As of June 4, the Lee Jae-myung administration marks its first year with a focus on establishing a market order centered on actual residents and curbing speculative demand. The government has implemented a series of financial, tax, and administrative regulations aimed at putting pressure on multiple homeowners and gap investors since its inception.
The stringent regulations have sent warning signals to the overheated high-end housing market, effectively dampening speculative buying. However, there are concerns that the emphasis on demand suppression has limited actual supply expansion and rental stability.
Shortly after taking office, the government introduced measures such as the June 27 financial regulations, the October 15 housing market stabilization plan, and the resumption of increased capital gains tax for multiple homeowners, tightening loans, transactions, and tax systems simultaneously. Following these regulations, there were short-term effects, including a slowdown in price increases and a surge in urgent sales in parts of the Gangnam area and the Han River belt.
However, as time has passed, a phenomenon of inventory lockup has emerged. According to real estate big data firm Asil, as of May 29, the number of apartment listings in Seoul stood at 61,767, down 9.8% from 68,495 on May 9, just before the end of the capital gains tax exemption. Analysts suggest that multiple homeowners are withdrawing listings or opting for gifts, reducing the available supply in the market.
Price trends are also becoming unstable again. According to the Korea Real Estate Agency, the increase in apartment sale prices in Seoul during the third week of May was 0.31%, the highest rate in seven months. While the price rise in the Gangnam area has slowed, demand is shifting to the relatively less regulated northern regions and outskirts of Seoul.
The instability in the rental market is another key variable in evaluating the government's policies. The administration believed that if homes owned by multiple homeowners were transferred to actual residents, the impact on the rental market would be limited. However, concerns are growing about a decrease in rental listings and rising prices.
Lee Chang-moo, a professor at Hanyang University, noted at a recent seminar on the evaluation of the Lee Jae-myung government's real estate policies that the average rental price in Seoul has increased by 8.66% over the past 11 months. In the four northern districts of Gangbuk, Nowon, Dobong, and Seongbuk, rental prices rose by 12.63%, while monthly rents increased by 13.14%.
The government is also pursuing supply measures. Through the September 7 plan, it set a goal to supply 1.35 million housing units in the metropolitan area during its term, and in early January, it announced plans to supply 10,000 units in the Yongsan International Business District. Recently, it has also unveiled plans to expand non-apartment supply, public rental purchases, and utilize idle urban spaces.
However, there are still criticisms regarding the lack of specificity about the timing, location, and quality of the supply that the market desires.
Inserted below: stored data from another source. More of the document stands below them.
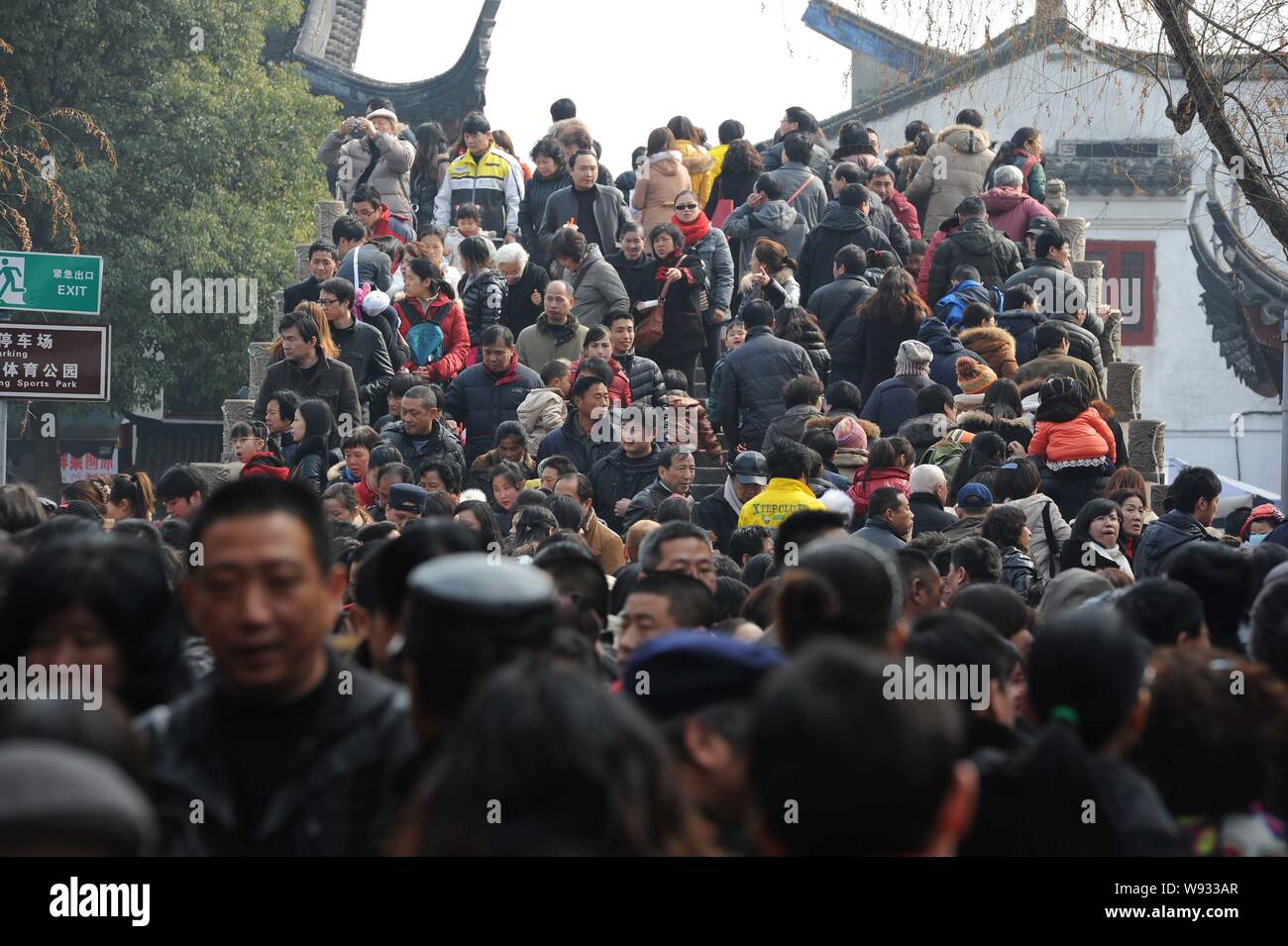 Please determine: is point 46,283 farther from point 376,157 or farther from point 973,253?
point 973,253

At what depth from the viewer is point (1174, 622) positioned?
4742 millimetres

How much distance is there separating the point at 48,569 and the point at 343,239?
429 inches

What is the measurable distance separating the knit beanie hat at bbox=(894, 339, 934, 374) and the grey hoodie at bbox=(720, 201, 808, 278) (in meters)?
2.75

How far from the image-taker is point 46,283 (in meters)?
10.6

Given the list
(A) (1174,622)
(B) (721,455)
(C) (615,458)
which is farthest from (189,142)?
(A) (1174,622)

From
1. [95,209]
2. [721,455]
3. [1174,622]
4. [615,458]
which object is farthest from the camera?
[95,209]

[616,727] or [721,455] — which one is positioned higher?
[721,455]

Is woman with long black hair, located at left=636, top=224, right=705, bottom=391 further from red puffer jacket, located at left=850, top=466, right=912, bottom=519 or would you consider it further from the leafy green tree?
the leafy green tree

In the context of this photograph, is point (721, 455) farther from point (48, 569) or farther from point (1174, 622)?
point (48, 569)

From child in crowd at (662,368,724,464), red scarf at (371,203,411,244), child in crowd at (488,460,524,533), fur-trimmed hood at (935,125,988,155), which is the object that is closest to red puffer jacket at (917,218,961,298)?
fur-trimmed hood at (935,125,988,155)

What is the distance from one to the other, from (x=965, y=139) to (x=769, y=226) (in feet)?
10.7

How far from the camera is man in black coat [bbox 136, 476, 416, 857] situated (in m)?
3.06

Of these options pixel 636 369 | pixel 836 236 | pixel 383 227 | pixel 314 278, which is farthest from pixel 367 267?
pixel 836 236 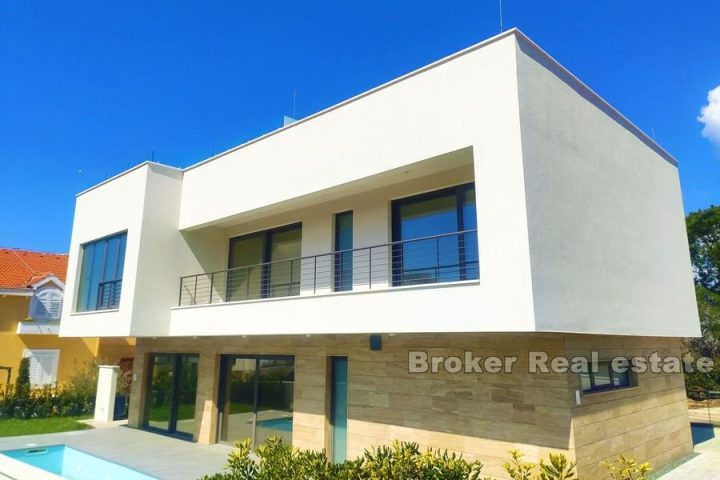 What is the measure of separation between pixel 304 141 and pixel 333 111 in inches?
40.7

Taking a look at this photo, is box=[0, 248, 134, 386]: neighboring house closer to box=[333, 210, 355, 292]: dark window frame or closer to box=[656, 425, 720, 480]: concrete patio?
box=[333, 210, 355, 292]: dark window frame

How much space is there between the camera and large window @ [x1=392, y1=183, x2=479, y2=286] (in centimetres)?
924

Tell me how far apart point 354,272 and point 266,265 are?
→ 363 cm

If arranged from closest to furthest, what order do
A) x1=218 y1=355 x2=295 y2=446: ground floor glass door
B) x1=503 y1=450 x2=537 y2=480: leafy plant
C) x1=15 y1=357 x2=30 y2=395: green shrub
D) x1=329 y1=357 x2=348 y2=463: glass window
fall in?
x1=503 y1=450 x2=537 y2=480: leafy plant
x1=329 y1=357 x2=348 y2=463: glass window
x1=218 y1=355 x2=295 y2=446: ground floor glass door
x1=15 y1=357 x2=30 y2=395: green shrub

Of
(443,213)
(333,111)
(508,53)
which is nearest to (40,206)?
(333,111)

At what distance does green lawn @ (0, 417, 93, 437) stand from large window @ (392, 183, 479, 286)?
14.2m

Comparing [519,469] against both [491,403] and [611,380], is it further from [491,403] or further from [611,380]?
[611,380]

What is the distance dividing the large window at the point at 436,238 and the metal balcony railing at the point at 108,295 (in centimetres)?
857

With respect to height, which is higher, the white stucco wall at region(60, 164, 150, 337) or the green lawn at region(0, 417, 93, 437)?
the white stucco wall at region(60, 164, 150, 337)

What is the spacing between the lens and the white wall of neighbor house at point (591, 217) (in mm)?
7512

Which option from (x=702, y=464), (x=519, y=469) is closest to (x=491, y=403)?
(x=519, y=469)

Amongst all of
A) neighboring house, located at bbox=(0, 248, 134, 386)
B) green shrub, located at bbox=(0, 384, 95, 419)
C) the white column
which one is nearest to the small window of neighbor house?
the white column

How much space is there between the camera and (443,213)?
10.1 meters

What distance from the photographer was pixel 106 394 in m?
19.2
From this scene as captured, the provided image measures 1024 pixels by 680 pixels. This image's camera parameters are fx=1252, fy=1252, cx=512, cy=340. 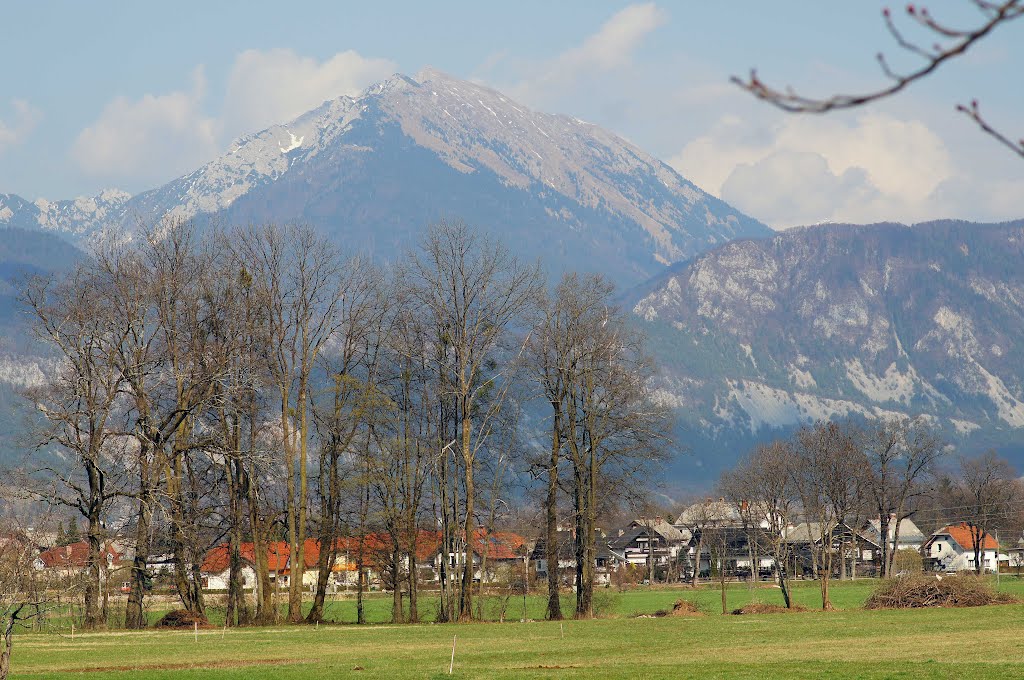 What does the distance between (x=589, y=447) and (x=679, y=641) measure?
17692 millimetres

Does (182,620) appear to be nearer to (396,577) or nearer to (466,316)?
(396,577)

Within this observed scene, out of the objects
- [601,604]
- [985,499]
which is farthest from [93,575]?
[985,499]

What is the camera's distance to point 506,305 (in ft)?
186

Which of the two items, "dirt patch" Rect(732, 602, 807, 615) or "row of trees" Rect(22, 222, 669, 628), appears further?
"dirt patch" Rect(732, 602, 807, 615)

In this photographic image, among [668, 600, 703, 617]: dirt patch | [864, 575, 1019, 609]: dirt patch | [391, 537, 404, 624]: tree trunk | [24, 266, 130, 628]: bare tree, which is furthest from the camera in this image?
[668, 600, 703, 617]: dirt patch

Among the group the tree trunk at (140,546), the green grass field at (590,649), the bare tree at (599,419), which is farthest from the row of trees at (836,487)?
the tree trunk at (140,546)

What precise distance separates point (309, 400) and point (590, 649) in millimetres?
23462

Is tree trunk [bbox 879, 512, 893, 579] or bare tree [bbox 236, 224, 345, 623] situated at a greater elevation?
bare tree [bbox 236, 224, 345, 623]

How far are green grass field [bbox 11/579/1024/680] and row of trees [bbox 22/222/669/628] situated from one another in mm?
4878

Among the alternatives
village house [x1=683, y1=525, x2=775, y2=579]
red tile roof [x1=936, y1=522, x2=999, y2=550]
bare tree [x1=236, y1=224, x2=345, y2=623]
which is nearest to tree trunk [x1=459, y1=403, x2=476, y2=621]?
bare tree [x1=236, y1=224, x2=345, y2=623]

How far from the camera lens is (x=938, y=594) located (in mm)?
56188

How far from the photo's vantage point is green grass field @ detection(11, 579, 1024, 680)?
1114 inches

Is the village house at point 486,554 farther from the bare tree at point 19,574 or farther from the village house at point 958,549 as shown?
the village house at point 958,549

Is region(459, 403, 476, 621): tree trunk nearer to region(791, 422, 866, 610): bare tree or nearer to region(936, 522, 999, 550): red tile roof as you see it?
region(791, 422, 866, 610): bare tree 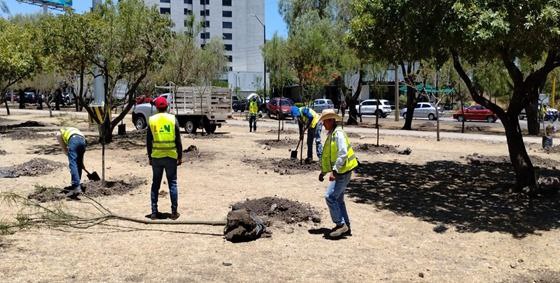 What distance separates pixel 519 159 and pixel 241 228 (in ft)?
19.3

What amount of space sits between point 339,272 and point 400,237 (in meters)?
1.76

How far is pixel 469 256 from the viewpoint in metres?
6.40

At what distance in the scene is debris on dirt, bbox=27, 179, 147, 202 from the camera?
905 cm

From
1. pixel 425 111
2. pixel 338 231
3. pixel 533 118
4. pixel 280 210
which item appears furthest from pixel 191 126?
pixel 425 111

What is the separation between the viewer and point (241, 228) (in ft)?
22.0

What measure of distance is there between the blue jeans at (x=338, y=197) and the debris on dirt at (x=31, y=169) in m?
7.56

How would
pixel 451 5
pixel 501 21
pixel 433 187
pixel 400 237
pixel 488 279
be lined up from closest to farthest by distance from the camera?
pixel 488 279, pixel 400 237, pixel 501 21, pixel 451 5, pixel 433 187

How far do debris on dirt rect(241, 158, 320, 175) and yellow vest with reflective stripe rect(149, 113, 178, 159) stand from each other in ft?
15.6

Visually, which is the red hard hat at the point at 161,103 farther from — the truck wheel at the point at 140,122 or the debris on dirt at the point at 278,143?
the truck wheel at the point at 140,122

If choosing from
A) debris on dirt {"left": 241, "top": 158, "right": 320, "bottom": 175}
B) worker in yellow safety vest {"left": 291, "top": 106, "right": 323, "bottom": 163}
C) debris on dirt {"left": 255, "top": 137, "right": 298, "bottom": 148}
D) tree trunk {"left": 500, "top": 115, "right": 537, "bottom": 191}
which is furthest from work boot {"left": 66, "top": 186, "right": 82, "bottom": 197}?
debris on dirt {"left": 255, "top": 137, "right": 298, "bottom": 148}

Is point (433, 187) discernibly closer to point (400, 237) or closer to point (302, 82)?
point (400, 237)

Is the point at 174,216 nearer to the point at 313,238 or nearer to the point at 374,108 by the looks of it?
the point at 313,238

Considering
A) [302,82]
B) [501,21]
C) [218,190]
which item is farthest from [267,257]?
[302,82]

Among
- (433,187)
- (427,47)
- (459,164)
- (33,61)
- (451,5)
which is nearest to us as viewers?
(451,5) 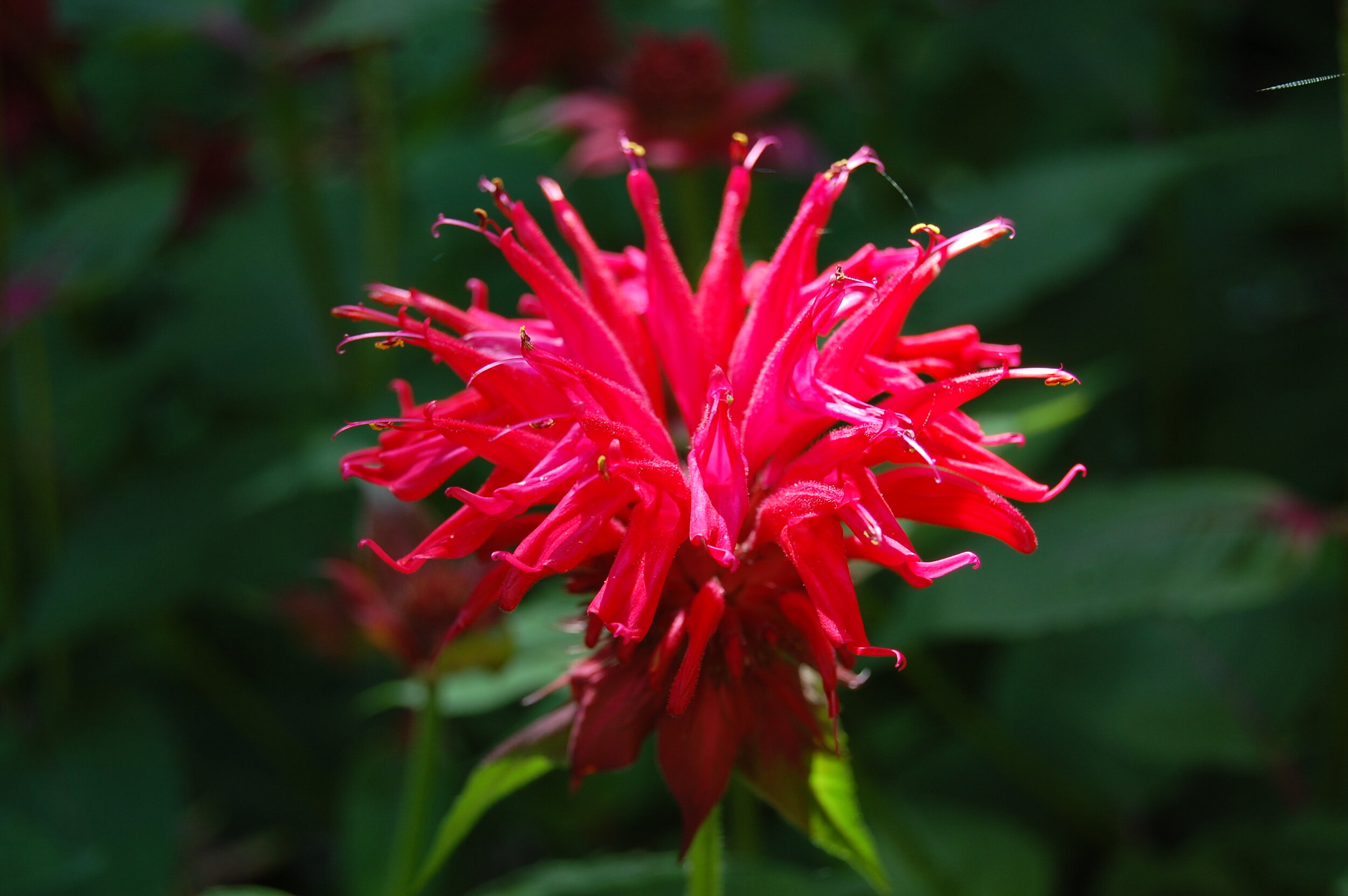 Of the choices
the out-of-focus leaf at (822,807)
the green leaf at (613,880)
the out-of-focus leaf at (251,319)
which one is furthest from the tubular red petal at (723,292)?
the out-of-focus leaf at (251,319)

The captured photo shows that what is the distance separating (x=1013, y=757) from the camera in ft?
3.61

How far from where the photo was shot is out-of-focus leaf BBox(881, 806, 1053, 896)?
909mm

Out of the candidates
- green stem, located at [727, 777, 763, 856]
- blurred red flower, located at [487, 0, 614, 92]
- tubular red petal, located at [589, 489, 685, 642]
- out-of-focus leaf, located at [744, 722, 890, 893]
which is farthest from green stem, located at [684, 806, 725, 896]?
blurred red flower, located at [487, 0, 614, 92]

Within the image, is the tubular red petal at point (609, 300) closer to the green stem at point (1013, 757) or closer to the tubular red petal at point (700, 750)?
the tubular red petal at point (700, 750)

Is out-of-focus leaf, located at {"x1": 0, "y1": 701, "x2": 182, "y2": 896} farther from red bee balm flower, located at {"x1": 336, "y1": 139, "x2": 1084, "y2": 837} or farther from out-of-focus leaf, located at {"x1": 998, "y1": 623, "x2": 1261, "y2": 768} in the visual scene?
out-of-focus leaf, located at {"x1": 998, "y1": 623, "x2": 1261, "y2": 768}

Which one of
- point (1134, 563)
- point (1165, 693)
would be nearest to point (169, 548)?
point (1134, 563)

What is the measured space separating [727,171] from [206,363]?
84 centimetres

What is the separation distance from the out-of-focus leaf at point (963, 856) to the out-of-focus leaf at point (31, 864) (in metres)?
0.59

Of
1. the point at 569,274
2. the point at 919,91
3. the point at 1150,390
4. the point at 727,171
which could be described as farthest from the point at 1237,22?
the point at 569,274

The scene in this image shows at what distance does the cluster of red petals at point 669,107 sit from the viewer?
142 centimetres

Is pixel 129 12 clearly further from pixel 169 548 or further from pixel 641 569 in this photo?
pixel 641 569

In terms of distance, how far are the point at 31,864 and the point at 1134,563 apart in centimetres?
90

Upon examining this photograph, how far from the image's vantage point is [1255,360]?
5.16ft

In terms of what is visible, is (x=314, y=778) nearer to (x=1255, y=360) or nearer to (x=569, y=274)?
(x=569, y=274) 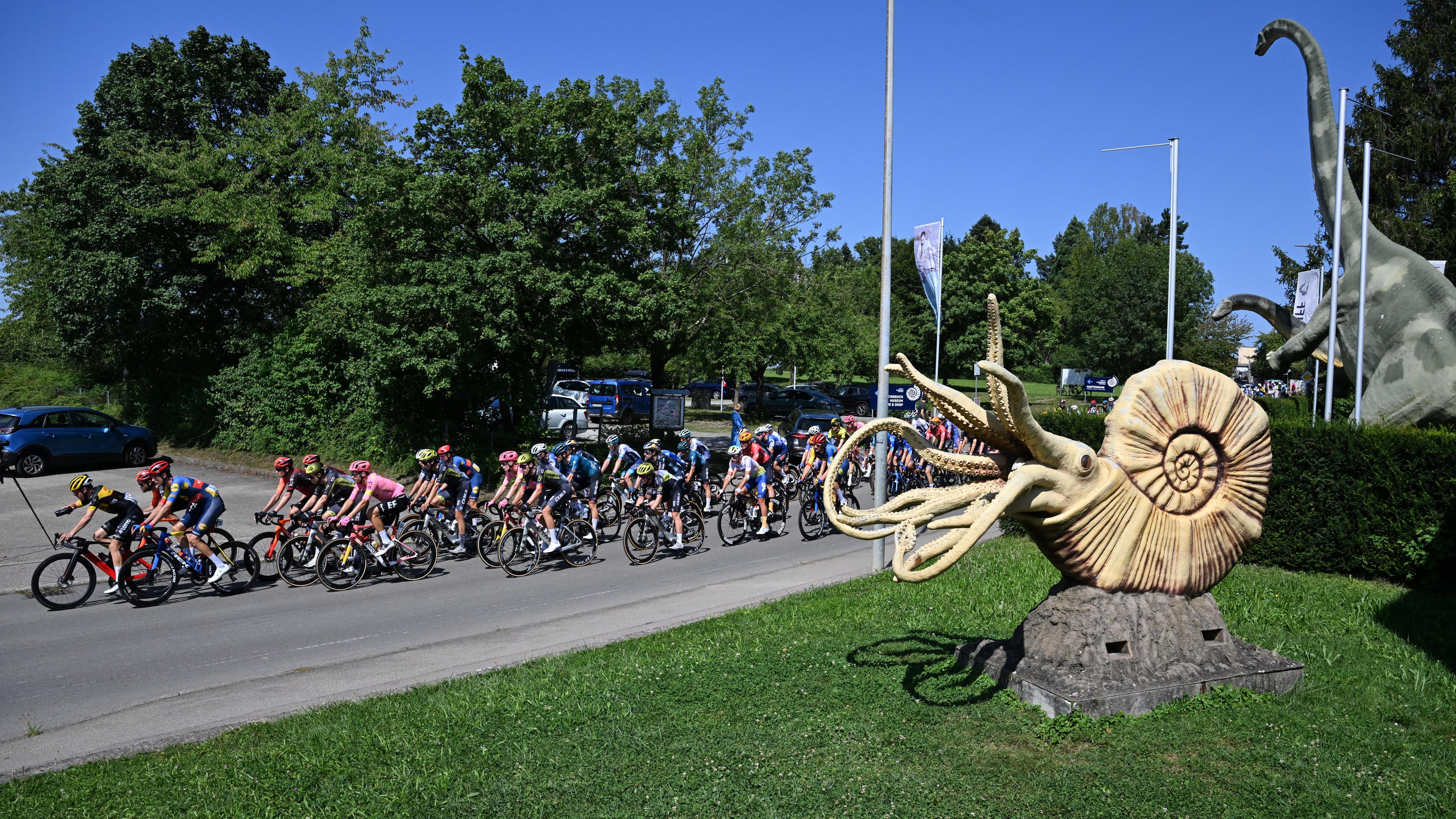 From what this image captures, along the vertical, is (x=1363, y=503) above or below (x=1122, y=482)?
below

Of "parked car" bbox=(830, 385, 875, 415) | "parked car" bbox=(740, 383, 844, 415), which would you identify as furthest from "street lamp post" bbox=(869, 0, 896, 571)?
"parked car" bbox=(830, 385, 875, 415)

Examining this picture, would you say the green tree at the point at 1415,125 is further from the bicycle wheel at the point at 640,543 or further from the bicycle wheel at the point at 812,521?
the bicycle wheel at the point at 640,543

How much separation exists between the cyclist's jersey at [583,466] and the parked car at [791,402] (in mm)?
23954

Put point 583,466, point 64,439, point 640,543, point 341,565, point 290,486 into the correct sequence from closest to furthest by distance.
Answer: point 341,565
point 290,486
point 640,543
point 583,466
point 64,439

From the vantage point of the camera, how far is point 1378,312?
13.6m

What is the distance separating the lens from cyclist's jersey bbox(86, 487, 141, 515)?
11180 mm

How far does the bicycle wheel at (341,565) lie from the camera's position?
12188mm

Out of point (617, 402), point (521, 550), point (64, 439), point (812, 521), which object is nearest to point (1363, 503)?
point (812, 521)

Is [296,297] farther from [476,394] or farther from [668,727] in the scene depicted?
[668,727]

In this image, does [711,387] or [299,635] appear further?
[711,387]

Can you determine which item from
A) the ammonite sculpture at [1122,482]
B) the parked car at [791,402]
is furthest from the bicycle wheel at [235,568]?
the parked car at [791,402]

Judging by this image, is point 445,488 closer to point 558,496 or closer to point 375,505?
point 375,505

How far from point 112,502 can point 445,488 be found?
13.7ft

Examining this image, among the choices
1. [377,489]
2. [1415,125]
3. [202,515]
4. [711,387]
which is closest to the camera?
[202,515] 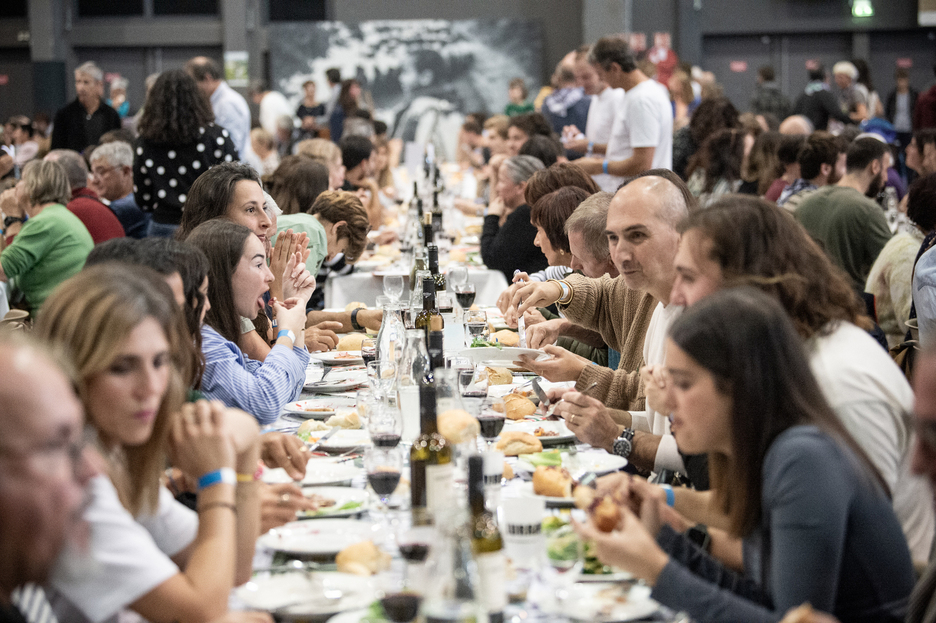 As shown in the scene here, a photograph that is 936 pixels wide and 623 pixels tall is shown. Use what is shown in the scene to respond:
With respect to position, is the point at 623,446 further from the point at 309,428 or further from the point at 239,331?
the point at 239,331

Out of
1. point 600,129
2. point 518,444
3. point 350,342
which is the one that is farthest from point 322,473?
point 600,129

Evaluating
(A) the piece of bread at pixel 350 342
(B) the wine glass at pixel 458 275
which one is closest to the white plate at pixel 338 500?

While construction goals and permit numbers have been presented, the actual move-in dates, competitive locations, and quality standards that could replace apartment preferences remain unclear.
Choi Hwang-soo, a professor at Konkuk University, commented, "The government's justification for curbing speculative demand was clear, but the details needed to create an exit for the market's self-correction were insufficient."
Go Jun-seok, a professor at Yonsei University's Sangnam Business School, added, "If new supply is difficult to come by immediately, there should have been consideration for opening a pathway for existing properties owned by multiple homeowners to enter the market."
* This article has been translated by AI.